▸ Exercise aim: Exactly the lines below, starting with the one containing "Cassie xKiss online" and going on through the one containing "Used 2019 Jeep", must be reproduced, both ends included, and no pictures with them.

▸ Material for this exercise:
↓↓↓
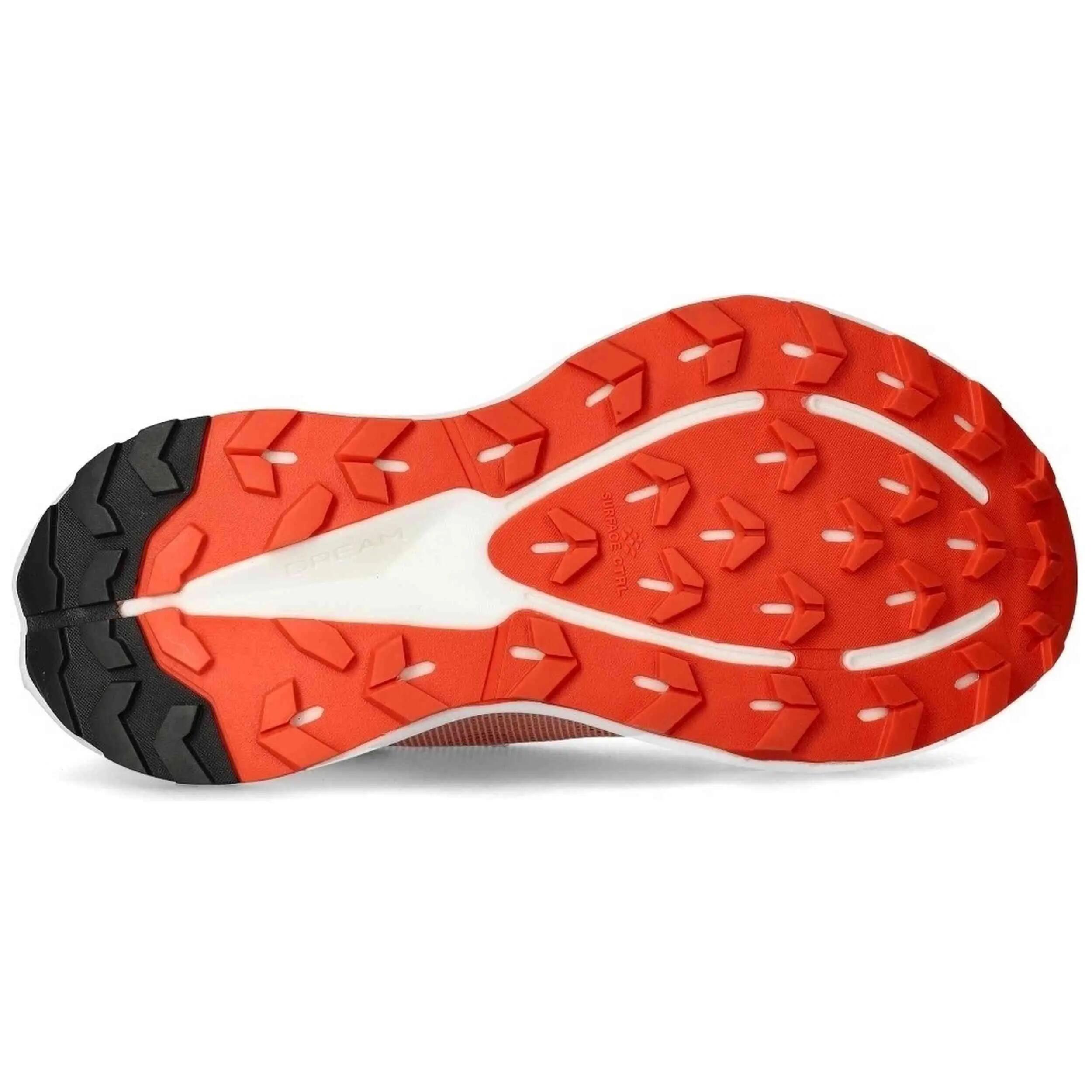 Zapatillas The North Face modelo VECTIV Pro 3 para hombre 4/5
↑↑↑
↓↓↓
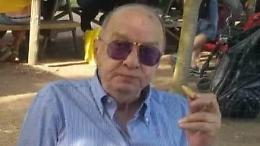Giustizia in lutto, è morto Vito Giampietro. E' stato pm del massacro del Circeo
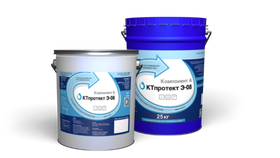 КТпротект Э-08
↑↑↑
↓↓↓
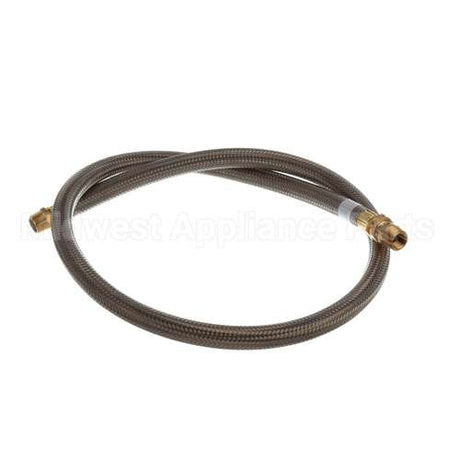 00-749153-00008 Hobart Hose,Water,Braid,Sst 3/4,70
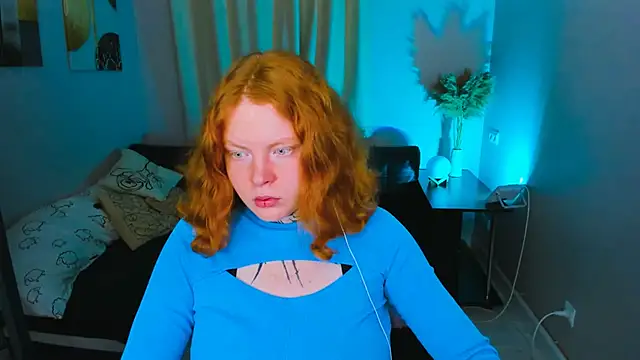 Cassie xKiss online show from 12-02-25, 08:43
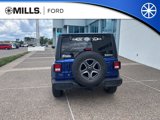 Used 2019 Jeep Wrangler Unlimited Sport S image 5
↑↑↑
▸ Output below:
 Cassie xKiss online show from 12-02-25, 08:43
 Used 2019 Jeep Wrangler Unlimited Sport S image 5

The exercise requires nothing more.